COOKING AT THE AUSTRIAN CULTURAL FORUMMay 21, 2012
No Wiener schnitzel was served at the Austrian Cultural Forum’s 10-year anniversary celebration this week, but vegan beef tartare and food-based performance art were on the menu. Opening the exhibition “Our Haus,” May 17-Aug. 26, 2012, Austrian-born relational esthetician Rainer Prohaska staged the performance “Kitchen on Every Floor,” which, like it sounds, involved setting up a series of food-prep stations around the building. Guests were invited to follow Prohaska’s instructions at each post -- chop onions, dice fresh herbs, etc. -- until they had cooked an entire meal. (Aside from the Turkish-based faux-beef dish, Prohaska also provided a traditional Austrian recipe from a restaurant near his home.)
“I will not cook; I let people cook,” Prohaska explained during an artist talk held at the Forum on Wednesday, May 16, 2012, before the performance. “If no one’s cooking, we have no food tonight.”
The other nine artists in “Our Haus” take inspiration from the East 52nd Street building itself, which has become a modern icon since architect Raimund Abraham completed the slender steel-and-glass structure in 2002. Two years ago, installation artist Judith Fegerl lit up the insides of the building with flashing LED lights. Now, for Untitled (cauter) (2012), she set small, controlled electrical fires in a wall, causing faintly perceptible, pencil-like line “drawings.”

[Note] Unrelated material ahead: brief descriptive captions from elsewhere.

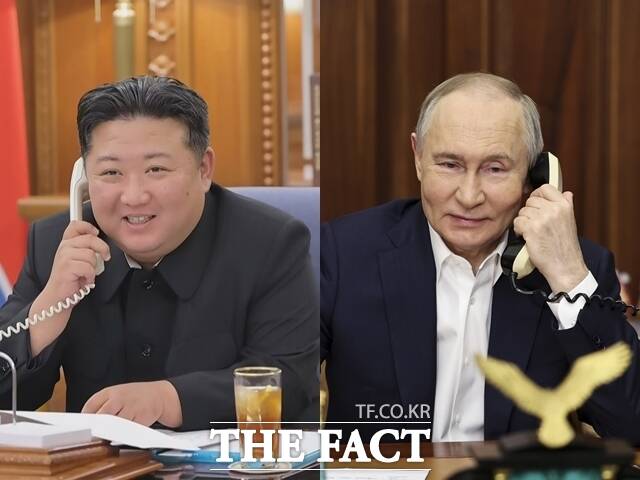 북한이 김정은 국무위원장(왼쪽)과 블라디미르 푸틴 러시아 대통령의 전화 통화 사실을 13일 공개했다. 통화가 이뤄진 시점은 우크라이나 종전이 주요 의제로 다뤄질 미·러 회담을 앞둔 때다. /뉴시스.조선중앙TV 갈무리, AP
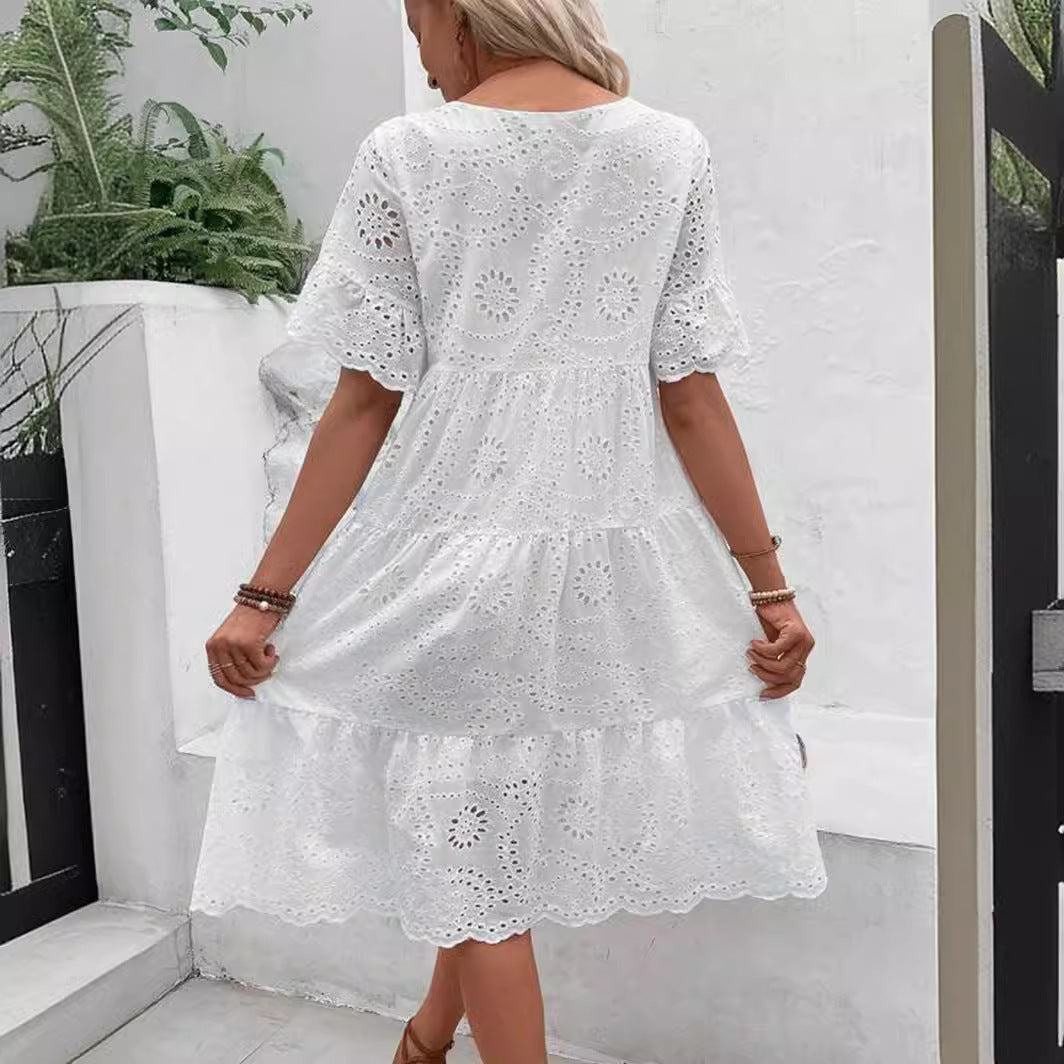 White Midi Boho Dress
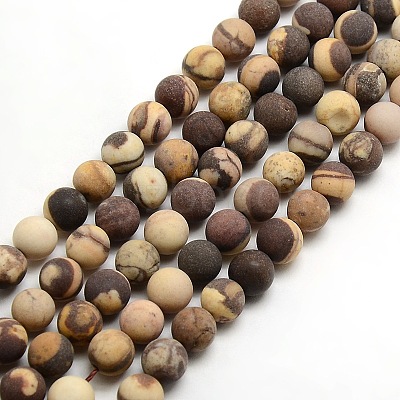 Frosted Natural Zebra Jasper Round Bead Strands G-M064-8mm-03-1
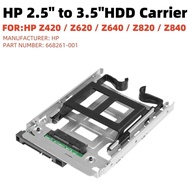 HP 2.5" to 3.5"HDD Carrier & Rail 668261-001 Drive Adapter Z420 Z620 Z820 Z840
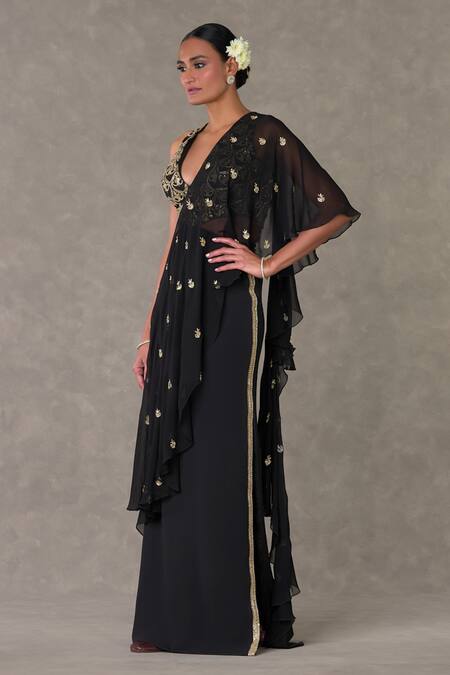 Buy Masaba Black V-neck Paan Phool Embroidered Saree Gown Online at Aza Fashions Buy_Masaba_Black V-neck Paan Phool Embroidered Saree Gown_Online_at_Aza_Fashions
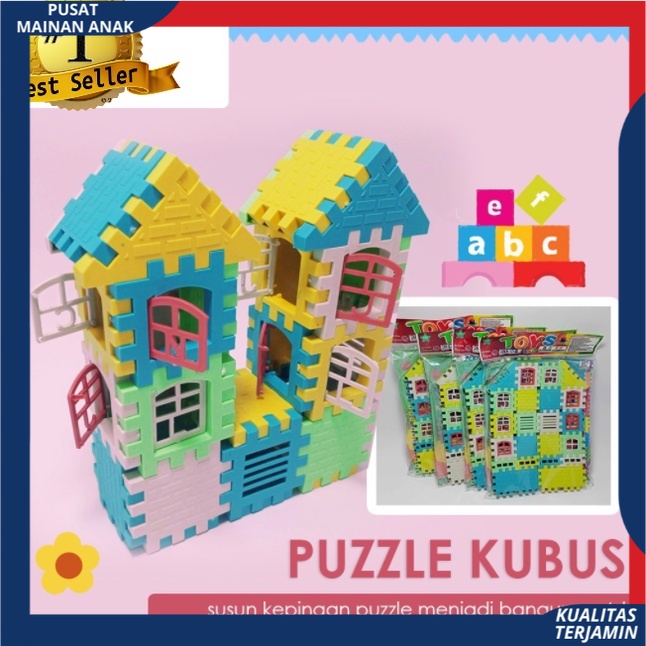 Mainan Anak Edukasi Blok rumah funny block JM 8211 Plastik Berkualitas SNI Blok rumah Puzzle SET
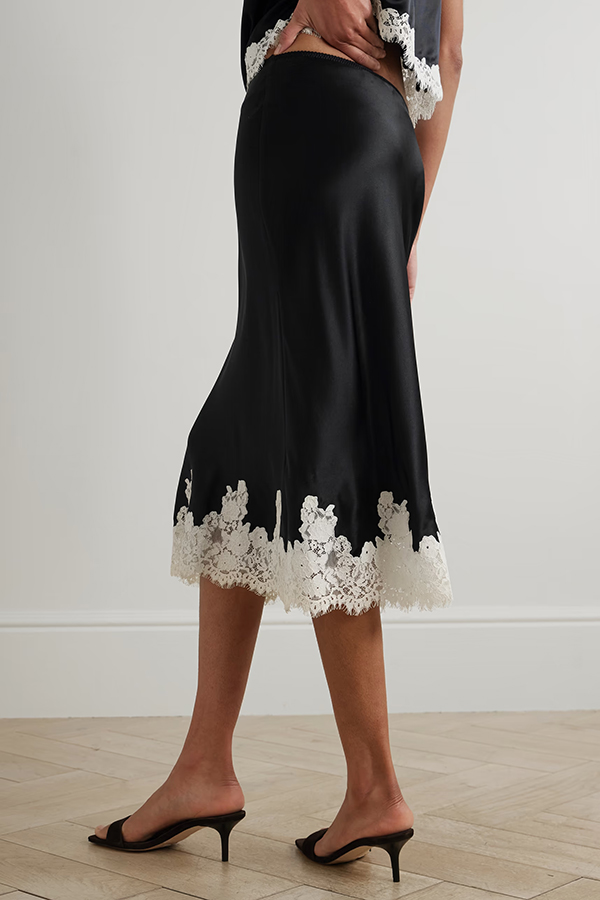 Celebration Look Contrast Color Satin Lace Trim Elastic Waist Drape Midi Skirt-consonak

“This new piece is much quieter,” Fegerl said. “It’s about the things you don’t see.”
Other artists address the architectural theme less literally. In Rainer Ganahl’s split-screen video, he contrasts the boarded-up shops and apartments in Spanish Harlem, where he has lived for years, with the well-to-do surroundings of the Austrian Cultural Forum. And husband-and-wife duo Johanna and Helmut Kandl spliced together super-8 films of Johanna’s home from when she was a child with those of its current, dilapidated state.
Toward the end of the evening, guests clustered in the basement around what might have rivaled the feast for the most popular artwork of the night: a mini-fridge full of Stiegl beer, courtesy of Mathias Kessler.